The usual definition of R-squared (variance of the predicted values divided by the variance of the data) has a problem for Bayesian fits, as the numerator can be larger than the denominator. We propose an alternative definition similar to one that has appeared in the survival analysis literature: the variance of the predicted values divided by the variance of predicted values plus the variance of the errors. This summary is computed automatically for linear and generalized linear regression models fit using rstanarm, our R package for fitting Bayesian applied regression models with Stan. . . .

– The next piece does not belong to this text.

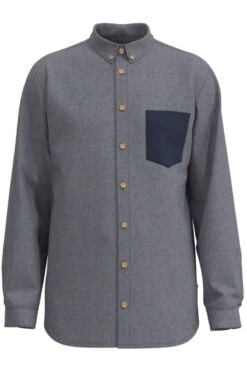 Kronstadt Regular Fit Flanellhemd Blau, Einfarbig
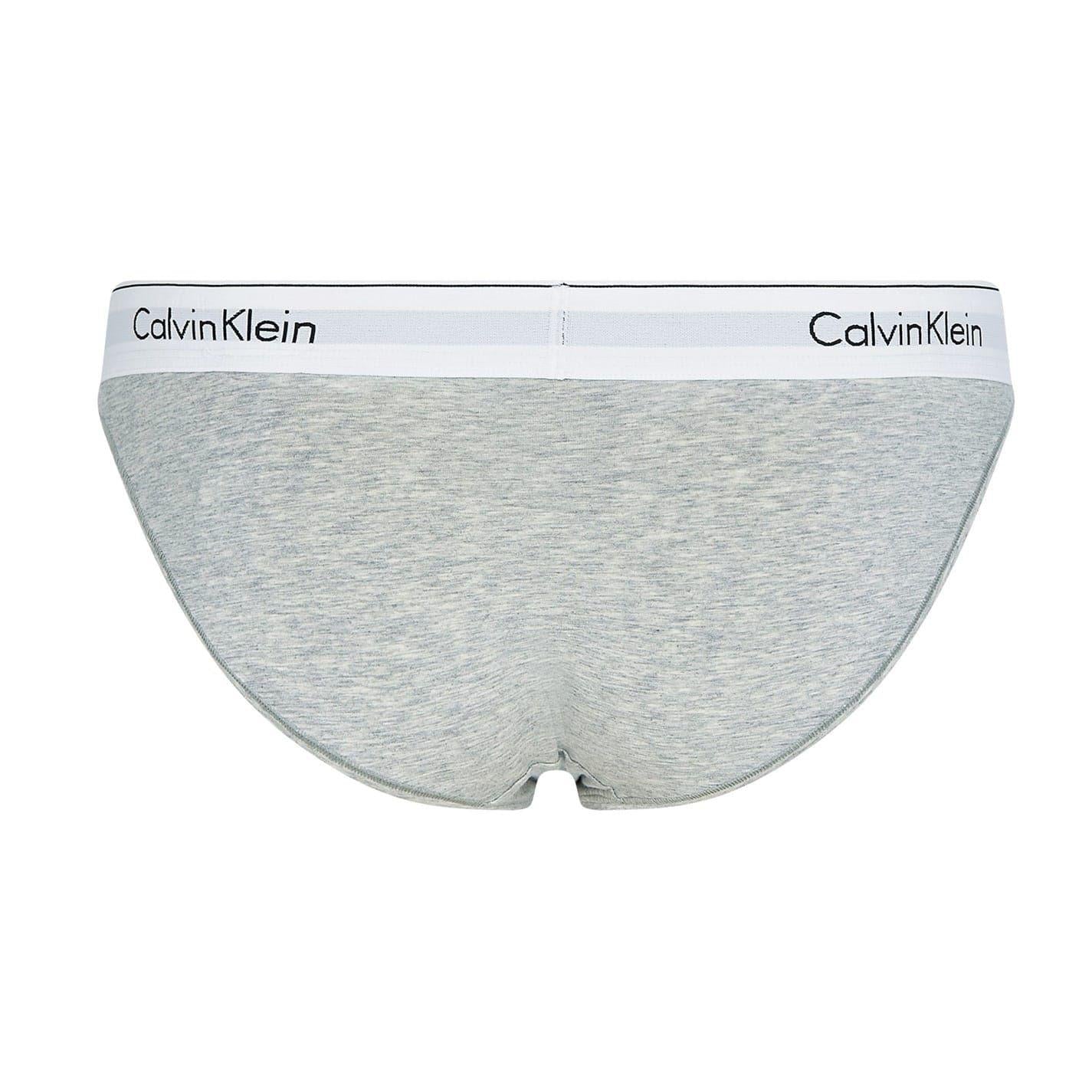 Grey - Back - Calvin Klein Womens-Ladies Cotton Blend Lightweight Modern Briefs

When I think of R squared, I generally think of 1 – Variance(residuals) / Variance(y), which is less than 1 always; this is also how Wikipedia describes it. This works for Bayesian models in that the R squared is always less than 1, though it can be less than 0.

Ok, not a regression or stats guru by any means (which should be obvious), but I’m confused too. var(predicted)/var(actual) doesn’t seem intuitively interesting to me, except when – after fragile assumptions about LS – you can argue it’s the same as (1-) a normalized measure of residual variance. Otherwise what’s the argument that high r^2 is a good thing?

Why isn’t 1 – residual-variance/pre-model-variance the more sensible target of improvements?

Bxg:

For reasons discussed in our paper, we like the definition of R-squared as the variance of the predicted values divided by the variance of predicted values plus the variance of the errors, so that the variance decomposition is baked into the definition. To me, this captures the most important aspect of R-squared which is based on a decomposition of variance. You can also look at my 2006 paper with Pardoe.

I feel (and am) honored to have a direct response from you, but I’m too silly to understand it. I’ve (tried to) read this paper now twice, and just don’t see the “we like the definition …” part – is it in Section 4, or elsewhere? How much would your paper change if (1 – ) residual-variance/pre-model-variance was the default? Sorry.

I’ve always felt a little bit squeamish about calling the modelled conditional expected values predictions. I mean… they are exactly what they are, expected values of whatever distribution is used as a model. It makes even less sense if the distribution is bernoulli distribution: the “predicted” values are impossible to observe. Well, excluding the lower and upper asymptotes, but but butt.

Krolbo:

Technically these are not predictions, they’re expected values of the predictive distributions. But “expected value” is also confusing. We need some better term for that!